WORK INSTRUCTION: Copy exactly, line for line, the part of the listing from the line containing "this 640×480 image." through its last line, and nothing else.

+ + +

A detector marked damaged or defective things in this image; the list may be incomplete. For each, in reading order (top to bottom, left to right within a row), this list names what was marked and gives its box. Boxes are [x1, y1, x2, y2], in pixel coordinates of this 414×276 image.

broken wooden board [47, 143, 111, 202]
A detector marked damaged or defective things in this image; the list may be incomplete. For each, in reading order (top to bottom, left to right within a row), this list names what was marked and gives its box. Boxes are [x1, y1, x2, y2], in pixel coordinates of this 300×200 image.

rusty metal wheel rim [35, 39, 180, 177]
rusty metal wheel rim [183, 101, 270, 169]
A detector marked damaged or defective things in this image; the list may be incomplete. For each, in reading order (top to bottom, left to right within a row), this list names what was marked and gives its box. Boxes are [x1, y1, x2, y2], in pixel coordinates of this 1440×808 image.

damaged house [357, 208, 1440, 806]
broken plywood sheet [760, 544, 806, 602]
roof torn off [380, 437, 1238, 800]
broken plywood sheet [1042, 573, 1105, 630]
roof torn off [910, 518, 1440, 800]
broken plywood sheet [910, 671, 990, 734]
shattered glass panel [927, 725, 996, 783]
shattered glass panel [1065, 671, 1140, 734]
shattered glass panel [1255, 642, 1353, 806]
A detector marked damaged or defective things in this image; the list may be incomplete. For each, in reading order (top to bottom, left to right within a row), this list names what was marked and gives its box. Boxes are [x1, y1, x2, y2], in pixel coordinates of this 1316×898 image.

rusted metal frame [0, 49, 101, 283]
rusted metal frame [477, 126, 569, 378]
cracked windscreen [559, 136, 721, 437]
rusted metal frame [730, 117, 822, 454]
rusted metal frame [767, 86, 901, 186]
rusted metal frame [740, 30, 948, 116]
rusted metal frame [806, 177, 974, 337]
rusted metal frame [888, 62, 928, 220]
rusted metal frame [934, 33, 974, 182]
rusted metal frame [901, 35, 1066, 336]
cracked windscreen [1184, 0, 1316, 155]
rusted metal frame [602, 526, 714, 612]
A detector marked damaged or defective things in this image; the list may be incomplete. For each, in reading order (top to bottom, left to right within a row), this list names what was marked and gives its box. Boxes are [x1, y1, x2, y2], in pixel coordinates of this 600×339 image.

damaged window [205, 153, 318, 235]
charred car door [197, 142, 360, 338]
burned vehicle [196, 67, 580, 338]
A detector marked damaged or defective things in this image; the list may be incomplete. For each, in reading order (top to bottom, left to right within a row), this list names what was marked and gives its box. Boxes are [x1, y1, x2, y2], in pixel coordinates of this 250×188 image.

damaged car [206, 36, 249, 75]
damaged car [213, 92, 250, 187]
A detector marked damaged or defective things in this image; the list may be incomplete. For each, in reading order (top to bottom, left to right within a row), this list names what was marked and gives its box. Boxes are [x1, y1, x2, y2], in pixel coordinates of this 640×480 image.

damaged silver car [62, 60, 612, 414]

+ + +

COMPLETED TASK:
A detector marked damaged or defective things in this image; the list may be incomplete. For each, in reading order (top to bottom, left to right within a row), this list names what was marked and gives its box. Boxes are [x1, y1, x2, y2], in pixel coordinates of this 640×480 image.

damaged silver car [62, 60, 612, 414]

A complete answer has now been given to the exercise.